Hospital security forces across the state are also drawing up plans for crowd control, emergency traffic patterns and restricted access to their buildings, borrowing a term more commonly heard from prison officials -- lockdown. Katrina's aftermath, with looting and violence in New Orleans and elsewhere, also has prompted them to focus on the safety of doctors and nurses working outside the hospital.

"We learned from Katrina that you need to go farther out in your planning than your front door," said WakeMed Police Chief Lisa Pryse, head of a hospital police force with more than 50 officers who are also trained to provide basic emergency medical care. "We got more specifically serious after Katrina because we realized we did not need a bioterrorism event for there to be a threat to a key community asset."

As a result, Pryse plans to send her officers to guard WakeMed doctors and nurses sent out with mobile medical units.

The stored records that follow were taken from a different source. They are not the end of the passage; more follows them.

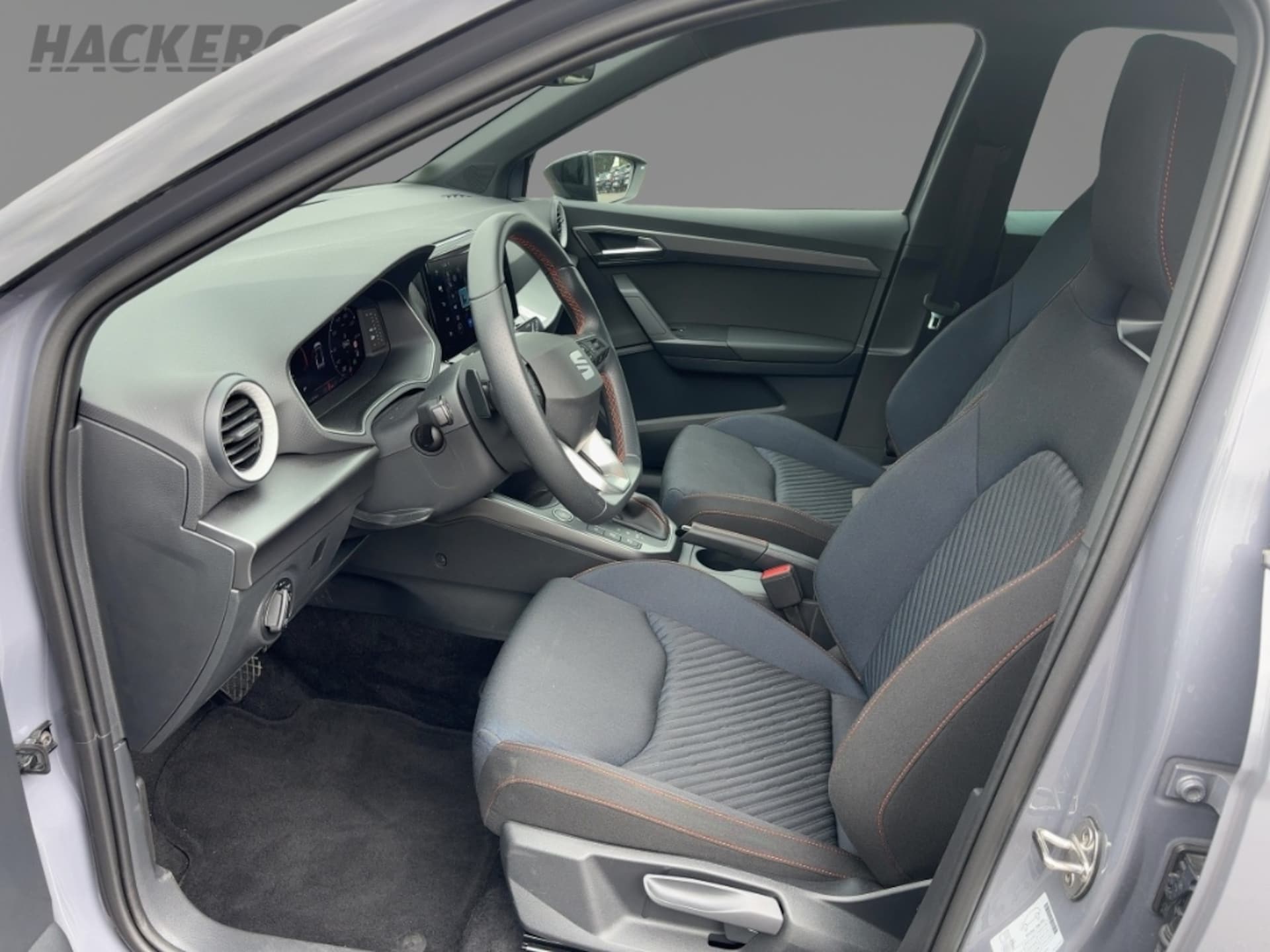 SEAT Arona FR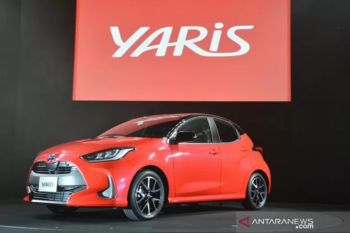Toyota Yaris generasi keempat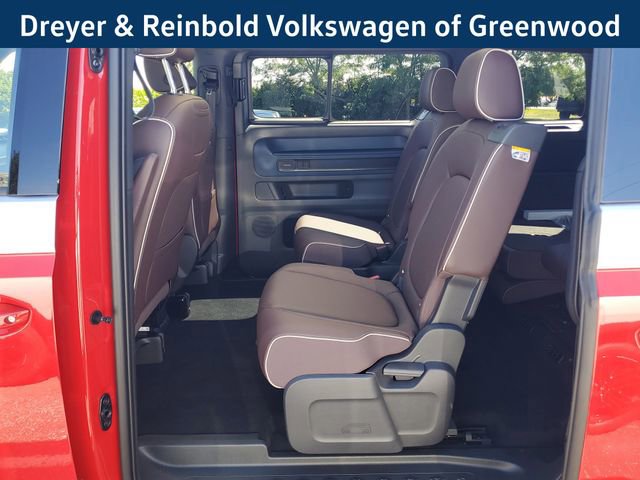 New 2025 Volkswagen ID. Buzz Pro S Plus image 13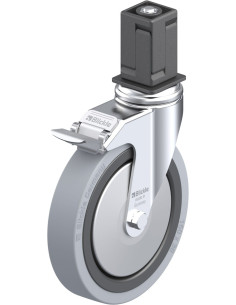 LKRA-VPA 150K-11-FI-FA-EV18 pasukamas ratukas su stabdžiais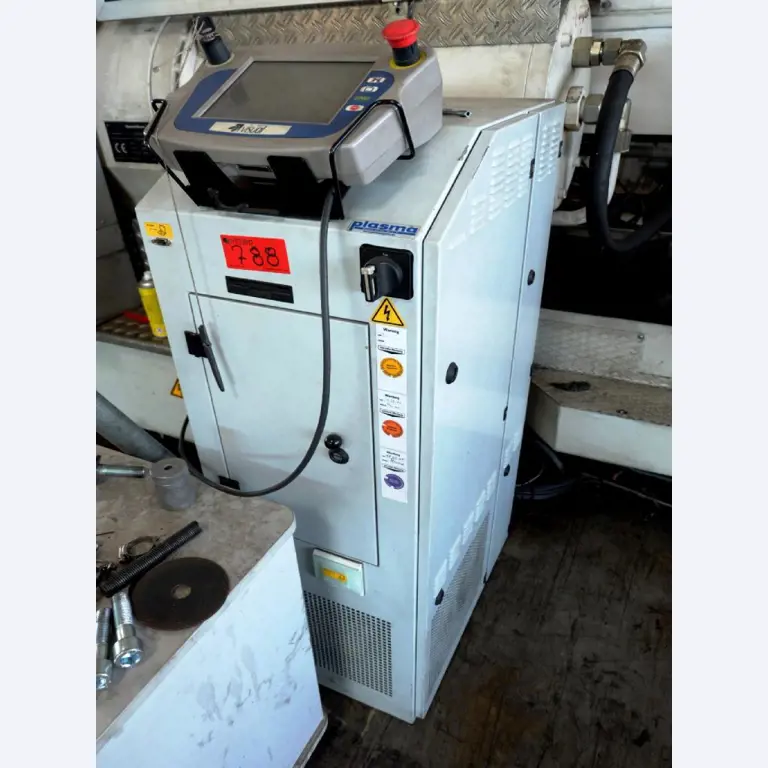 Machines for the manufacturing of foamed <br>and injected attachments and spare parts <br>for the automotive sector-9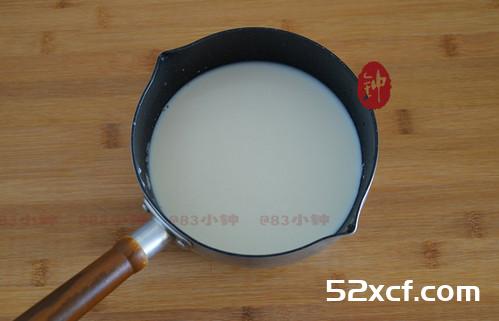 自制豆花的做法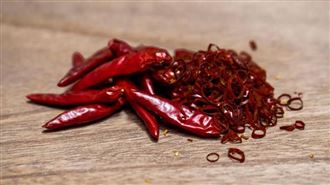 醫師張家銘指出，吃辣後出現發熱、冒汗等反應，以身體運作的角度來看，等於是代謝開關被打開了（示意圖／photoAC）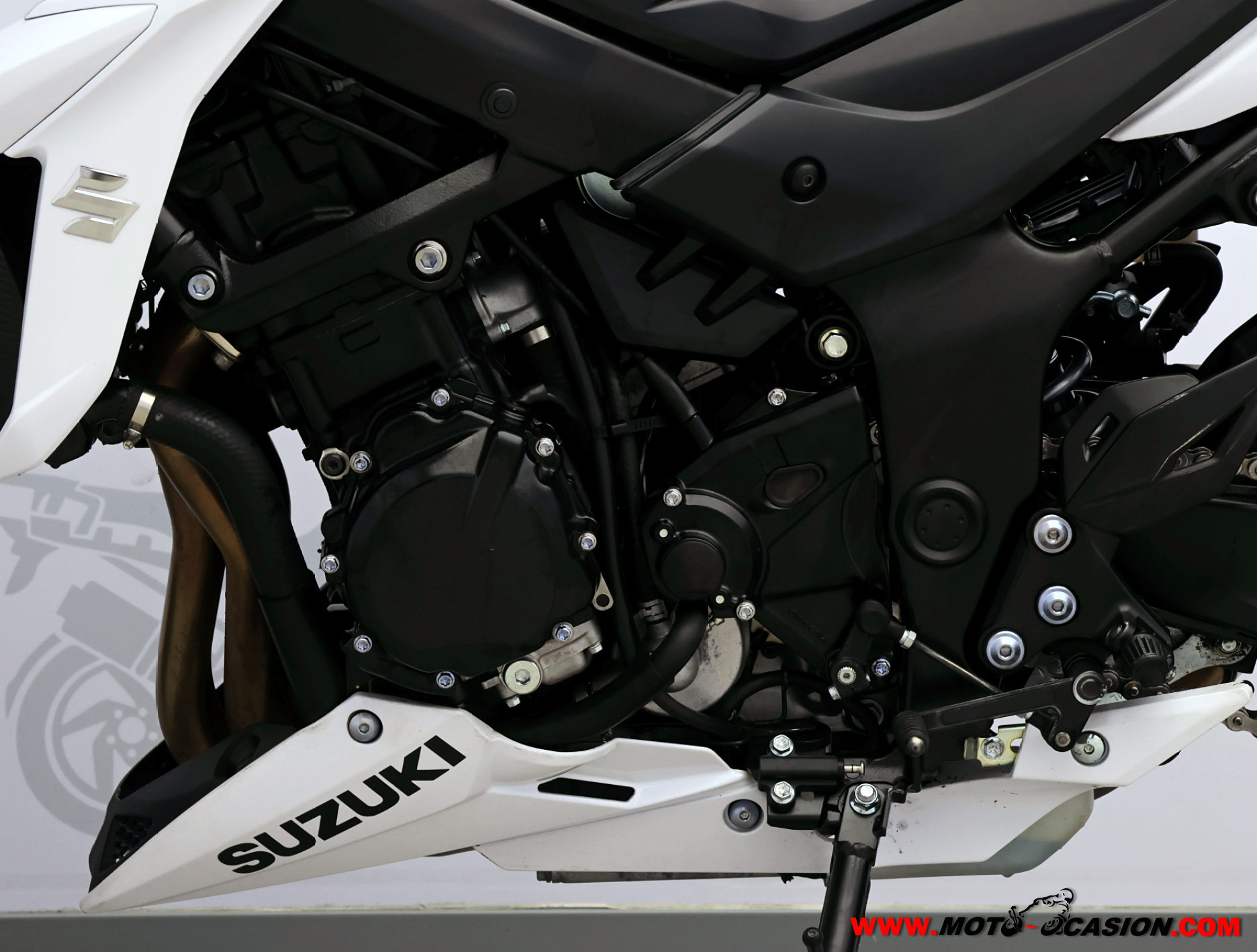 SUZUKI GSX-S 750 -A2-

"We would not roll a truck out of here without an armed presence," said Bill Atkinson, WakeMed's president and chief executive officer. "You think about what's going to happen if there's X vaccine and Y people who need it -- that becomes a major security problem on top of everything else."

Pryse, with a cadre of fully trained police officers and mutual aid agreements with law enforcement agencies across the county, can send a security force anywhere that WakeMed doctors and nurses are deployed.

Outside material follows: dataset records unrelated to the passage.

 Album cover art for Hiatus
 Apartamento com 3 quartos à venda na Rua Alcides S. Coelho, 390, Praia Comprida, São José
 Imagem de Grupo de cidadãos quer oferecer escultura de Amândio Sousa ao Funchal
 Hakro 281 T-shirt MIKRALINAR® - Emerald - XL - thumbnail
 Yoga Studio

Other North Carolina hospitals, such as Carolinas Medical Center in Charlotte, don't have sworn officers on their security force and rely on local law enforcement agencies to guard their personnel. When Carolinas Medical Center sent its mobile hospital to Waveland, Miss., for seven weeks last year to treat Hurricane Katrina survivors, SWAT team members from the Charlotte-Mecklenburg Police Department provided security, said Bryan Warren, the hospital's manager for investigations and training.

But public health officials worry whether local law enforcement agencies will be able to meet the increased responsibilities expected during a pandemic. They point out these agencies might have as much as 40 percent of their officers absent during a pandemic.

But Harrison, the Wake sheriff, said he thinks dedication to duty will overcome any manpower shortages.

"Are you going to have some absences -- probably so," he said. "But we've got to do what we need to do, and if that means working extra hours to cover a shift, we'll do it."